Speaking volumes to the shelf-interested

Getting it Published

十二月 14, 2001

There is, I assume, only one William Germano. A shame, because any aspiring author who reads this book will probably want him as their editor. However, illicit cloning aside, they will have to settle for his considered advice on the page, rather than in person. That is pretty good to be going on with. He is committed to ideas but clear-headed about business, inspiring but not unrealistic, wise in the ways of publishing and witty about writers' foibles. And - a good sign in an editor - he writes well himself.

Germano's obvious reader is a junior faculty member in social science or humanities in a US university, chasing tenure, trying to negotiate that complex path between a collection of files on the hard disc and a nicely printed and bound volume with an ISBN and a price in a catalogue. But tenure is not the only reason, nor are these the only readers. The point of scholarly books, says Germano, is that they are still the best way to contribute to the "big, noisy conversation" about ideas. With that conviction comes a sense that he has a rare understanding of authors' needs as well as the imperatives of publishing.
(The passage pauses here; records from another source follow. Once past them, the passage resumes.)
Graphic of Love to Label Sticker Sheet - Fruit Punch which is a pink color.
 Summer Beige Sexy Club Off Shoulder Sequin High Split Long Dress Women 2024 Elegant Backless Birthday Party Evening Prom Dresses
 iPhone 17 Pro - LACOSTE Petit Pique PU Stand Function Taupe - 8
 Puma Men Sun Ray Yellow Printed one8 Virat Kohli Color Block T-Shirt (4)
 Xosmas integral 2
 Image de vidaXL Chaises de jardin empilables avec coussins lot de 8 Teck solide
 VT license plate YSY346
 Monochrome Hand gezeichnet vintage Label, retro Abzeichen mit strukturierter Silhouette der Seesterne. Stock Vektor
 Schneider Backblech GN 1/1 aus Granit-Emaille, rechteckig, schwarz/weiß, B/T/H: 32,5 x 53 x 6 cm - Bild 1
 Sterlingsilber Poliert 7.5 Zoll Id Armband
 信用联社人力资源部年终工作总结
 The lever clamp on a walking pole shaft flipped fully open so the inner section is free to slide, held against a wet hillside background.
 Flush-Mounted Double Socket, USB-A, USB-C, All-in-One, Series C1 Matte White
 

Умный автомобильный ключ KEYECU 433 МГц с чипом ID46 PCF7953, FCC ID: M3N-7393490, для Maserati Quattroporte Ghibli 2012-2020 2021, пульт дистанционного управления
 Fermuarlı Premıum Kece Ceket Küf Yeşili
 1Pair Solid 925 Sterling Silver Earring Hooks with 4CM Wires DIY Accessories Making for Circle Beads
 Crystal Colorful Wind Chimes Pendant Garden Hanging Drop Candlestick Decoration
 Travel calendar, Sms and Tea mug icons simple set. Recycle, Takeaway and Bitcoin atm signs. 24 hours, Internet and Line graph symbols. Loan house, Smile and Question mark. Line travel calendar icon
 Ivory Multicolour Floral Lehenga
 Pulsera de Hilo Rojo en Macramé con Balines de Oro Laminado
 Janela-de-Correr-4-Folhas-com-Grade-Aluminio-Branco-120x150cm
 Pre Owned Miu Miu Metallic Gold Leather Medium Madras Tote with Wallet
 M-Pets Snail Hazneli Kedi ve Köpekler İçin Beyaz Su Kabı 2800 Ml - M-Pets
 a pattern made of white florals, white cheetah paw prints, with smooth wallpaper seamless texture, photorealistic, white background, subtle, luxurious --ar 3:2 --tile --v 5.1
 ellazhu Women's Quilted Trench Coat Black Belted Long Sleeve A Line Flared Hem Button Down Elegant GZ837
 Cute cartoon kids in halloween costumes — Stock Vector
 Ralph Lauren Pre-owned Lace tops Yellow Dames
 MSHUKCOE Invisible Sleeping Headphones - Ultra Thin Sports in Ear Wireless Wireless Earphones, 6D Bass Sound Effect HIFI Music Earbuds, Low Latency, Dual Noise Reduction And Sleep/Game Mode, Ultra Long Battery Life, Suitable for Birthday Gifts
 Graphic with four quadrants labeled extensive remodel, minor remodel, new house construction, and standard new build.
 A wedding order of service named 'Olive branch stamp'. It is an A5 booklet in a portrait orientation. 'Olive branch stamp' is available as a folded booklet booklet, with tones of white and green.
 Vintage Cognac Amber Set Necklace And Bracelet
As a former editorial director of Columbia University Press and now vice-president and publishing director at Routledge, so he should.

He has produced a book that is entertaining as well as useful. It is also admirably comprehensive, taking in the entire process from finding a publisher - or an editor - dealing with reviews of your proposal, and reviewing a contract, to delivering your manuscript and understanding what happens to it on the way to print. And there is advice on negotiating the pitfalls that may appear if you want to edit a collection or an anthology, or produce a book dense with film stills or song quotations.

On every count the advice - which applies as well in Britain as in the United States - is concise, pointed, and encouraging. It is all easy enough to explain: this is not rocket science, after all. But it is a pleasure to find it explained so well. Some mysteries remain. How come, bearing in mind Germano's advice on titles (describe the subject: lure the reader) Routledge brought the world's readers Donna Haraway's Modest Witness@Second Millennium: FemaleMan©Meets-Oncomouse™ ? We will never know, though it certainly conforms to another piece of German(o)ic wisdom: "a copy editor cannot make a badly written book sound like a work of great prose". Come to think of it, that one has a particularly hideous cover, too. Ah well, maybe there would have been a happier result if this book had been around at the time.

As it happened, I sent a proposal off to a university press just before this book arrived in the mail. I am optimistic, as authors are: but I still wish I had read Germano first.

Jon Turney is head of the department of science and technology studies, University College London.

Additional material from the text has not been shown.